WHAT YOU ARE ASKED TO DO:
Starting at the line holding "Standard tractor unit Iveco Stralis" and finishing at the line holding "LUNA - Boat Images", transcribe the material exactly, keeping both ends but no pictures.

THE DATA:
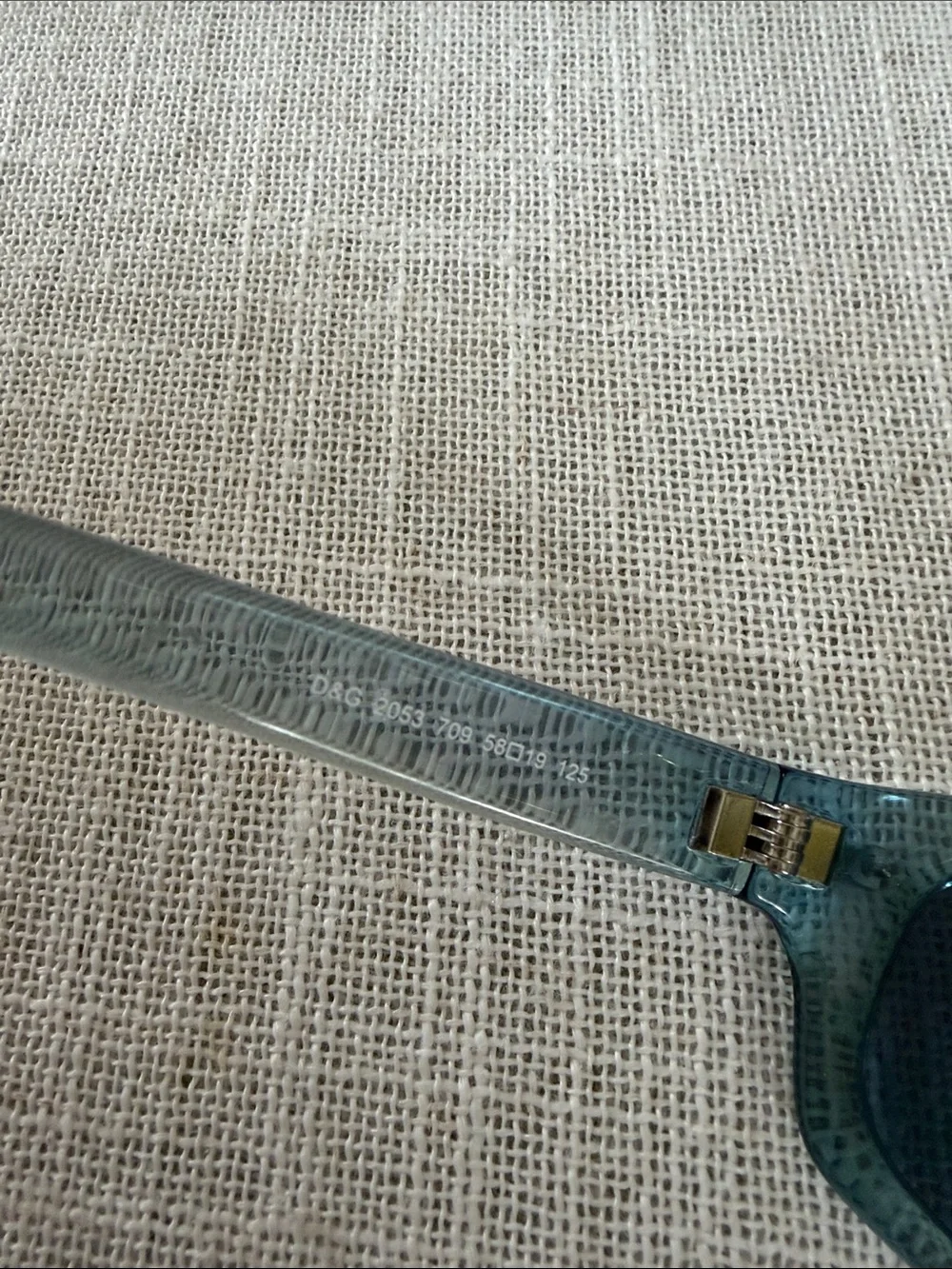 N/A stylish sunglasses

---

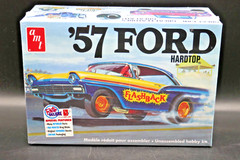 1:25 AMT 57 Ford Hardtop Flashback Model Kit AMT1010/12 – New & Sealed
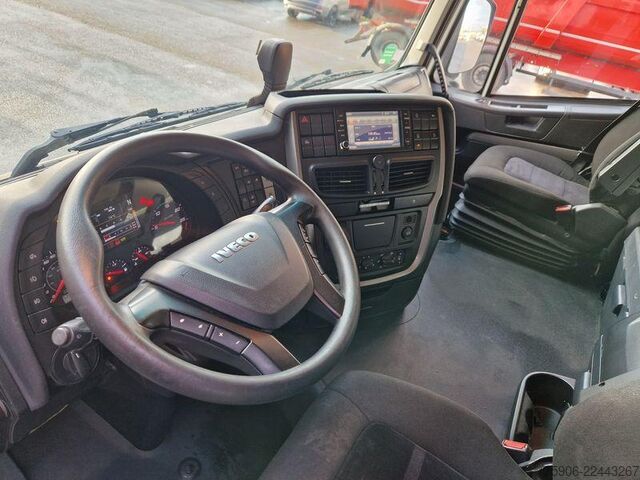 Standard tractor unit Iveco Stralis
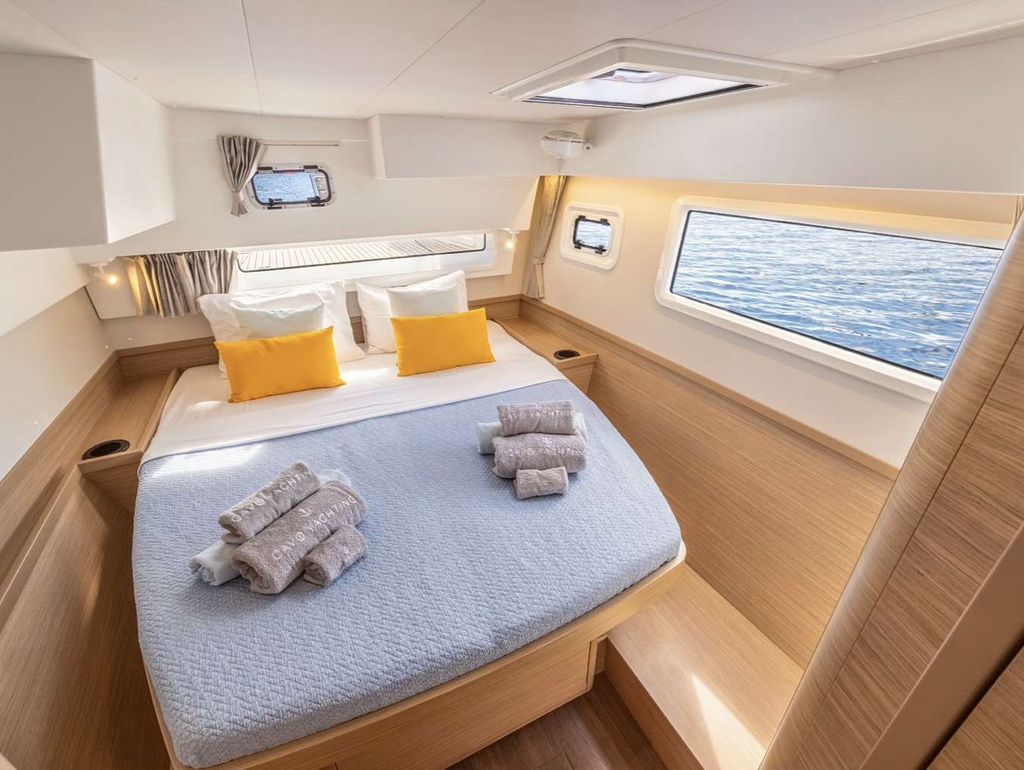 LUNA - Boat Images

* * *

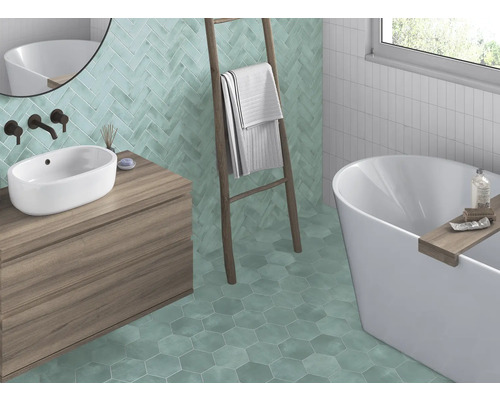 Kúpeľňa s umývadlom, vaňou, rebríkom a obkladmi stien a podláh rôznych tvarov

TASK SOLUTION:
 Standard tractor unit Iveco Stralis
 LUNA - Boat Images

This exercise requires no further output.